● Exercise:
With the images omitted, return all of the entries exactly as they stand.

** Opening Source records block **

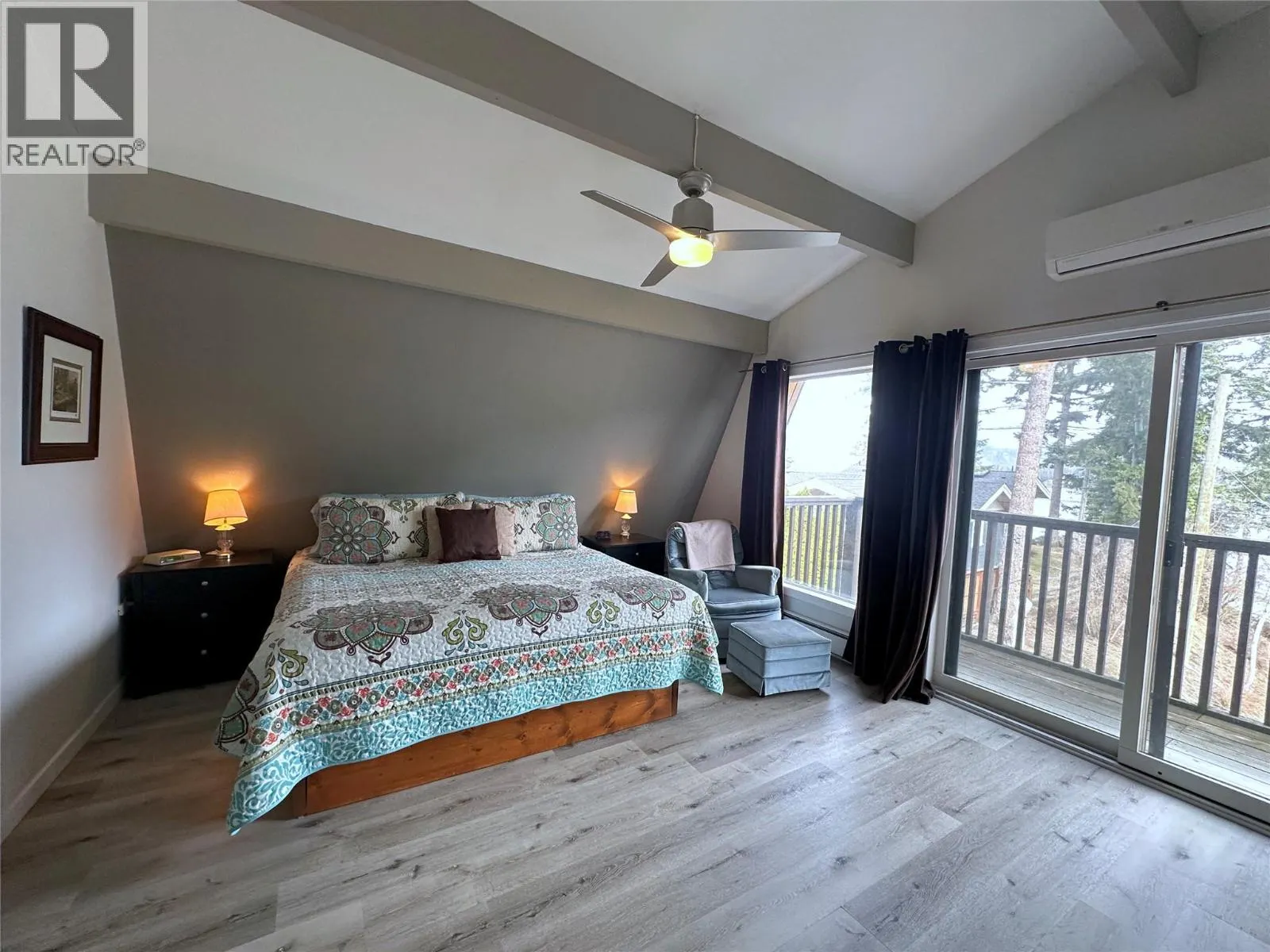 2428 Blind Bay Road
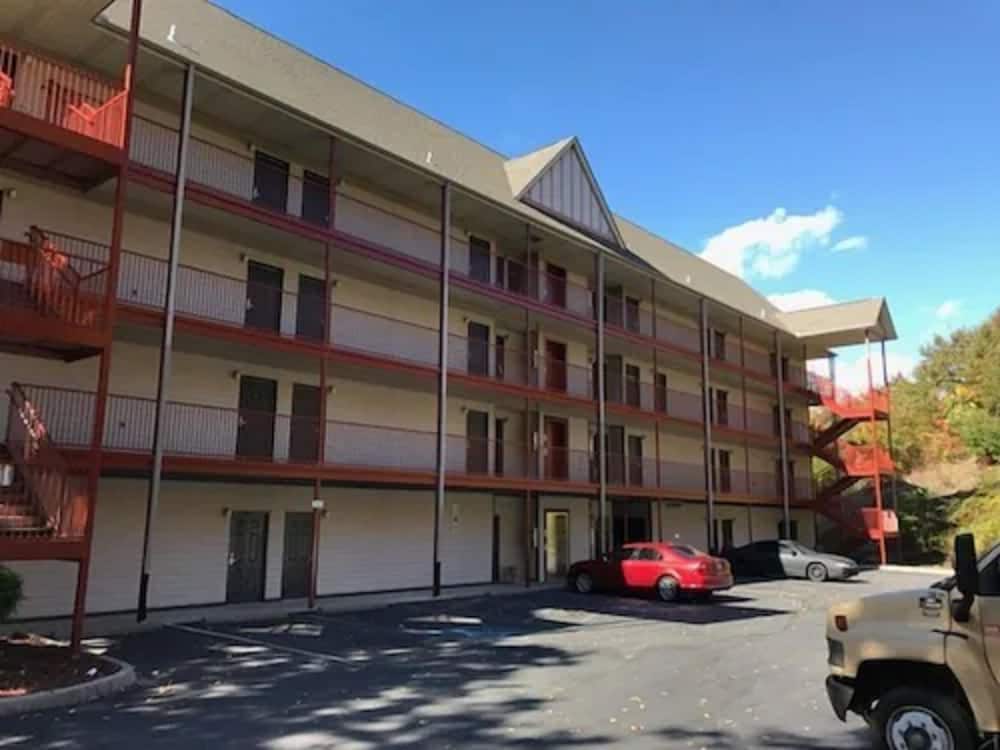 Days Inn by Wyndham Waynesville NC 6/27
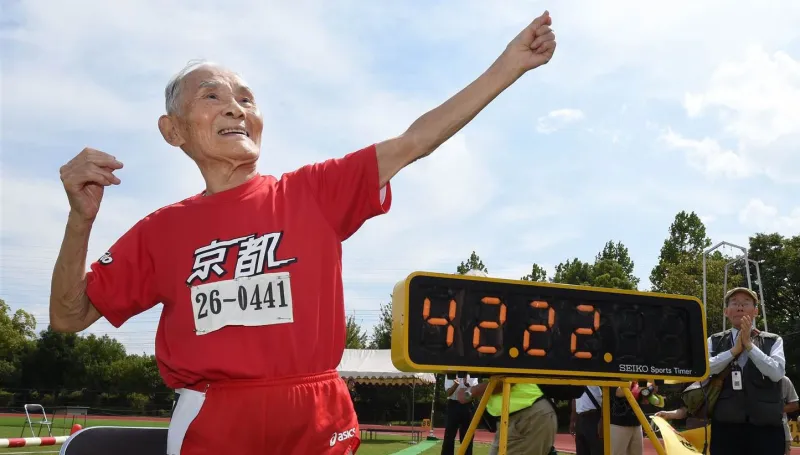 علماء يوجدون طريقة للحياة أكثر من 100 عام عن طريق تحليل البراز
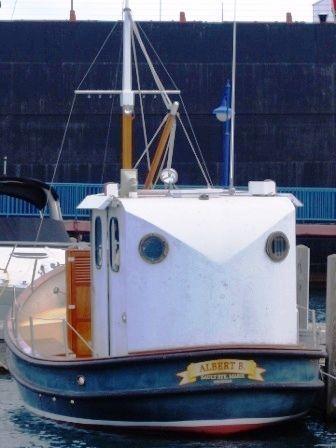 Tug Boat Industries 22' Trawler,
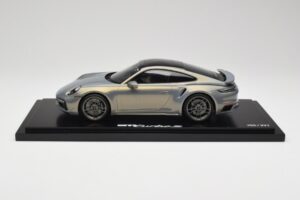 Porsche 911 Turbo S 992 Silver Bamboo Chromaflire With Display Case Spark 1:18 WAP0219100RTSS レジン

** Closing Source records block **

● Written answer:
 2428 Blind Bay Road
 Days Inn by Wyndham Waynesville NC 6/27
 علماء يوجدون طريقة للحياة أكثر من 100 عام عن طريق تحليل البراز
 Tug Boat Industries 22' Trawler,
 Porsche 911 Turbo S 992 Silver Bamboo Chromaflire With Display Case Spark 1:18 WAP0219100RTSS レジン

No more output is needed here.